İkinci Dünya Savaşı’ndaki vahşeti anlattığı Saul’un Oğlu filmiyle izleyiciyle birlikte gündemi de etkileyen yönetmen László Nemes, bu kez Birinci Dünya Savaşı öncesinde, Budapeşte’ye götürüyor bizleri…
Şapkayla değişen hayatlar…
Şehrin en ünlü şapkacısı ile aynı soyadı taşıyan genç Leiter, o şapkacıdan iş ister… Patron Brill, belli ki genç kızın babasından birtakım dalaverelerle almıştır dükkanı. Olaylar gelişir…
Film boyunca “bir şeyler olacak” diye bekliyorsunuz. Olanlar yetmiyor, her adımda, her geçen gün yeni ve daha güçlü bir şeyler oluyor… Birinci Dünya Savaşı öncesinde, genel bir gerilim var.
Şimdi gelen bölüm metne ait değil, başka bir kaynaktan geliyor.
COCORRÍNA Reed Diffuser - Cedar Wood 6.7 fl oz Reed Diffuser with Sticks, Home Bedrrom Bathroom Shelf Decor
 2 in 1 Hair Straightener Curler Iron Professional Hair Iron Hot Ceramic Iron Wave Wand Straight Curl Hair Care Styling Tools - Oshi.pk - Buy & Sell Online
Savaş şartları oluşmuş, ekonomi bıçak sırtında… Toplumun tahammülü kalmamış… Aile bir şekilde dağılmış, kimin ne yaptığı, ne yapacağı belli değil.
Tam bir kaos…
Irisz Leiter, iş almak için gittiği babasının şapka dükkanında hemen tüm hakaretlere ses çıkarmaz. Gizlerin peşine düşer. Küçük ipuçlarını toplar. Karşı çıkanlara, özellikle geri durmasını söyleyenlere hiç itiraz etmez. Ama inat ve ısrarla düğümü çözmeye çalışır. Kolay bir yol değildir tutturduğu… Sakin olmalı, her gördüğünü birbiriyle ulamayı becermeli, tüm gördüklerinin kendisini gerçeğe taşıdığını hissetmelidir. Öyle de olur.
Mesaj adında…
Yönetmen László Nemes, hiç değinmese de dünyanın o güne kadar hiç görmediği büyük bir savaşın öncesinde insanların gerginliklerinden o büyük yıkımı anlatmayı başarıyor. Film de zaten adını savaş öncesindeki karanlığa gidişten alıyor, yoksa filmin öyküsünün doğrudan günle, güneşle bağlantısı yok. Filmin adı bile belli bir mesaj yüklü.
Bir şeylerin olduğunu görüyoruz bu uzun filmde (142 dakika). Biz de göreceğiz neler olduğunu… Ona da bir aydan birkaç gün fazla var… İptal edilen İstanbul Büyükşehir Belediye Başkanlığı seçiminin sonucunda daha bir anlayacağız olanları… İşte o zaman her şey güzel olacak.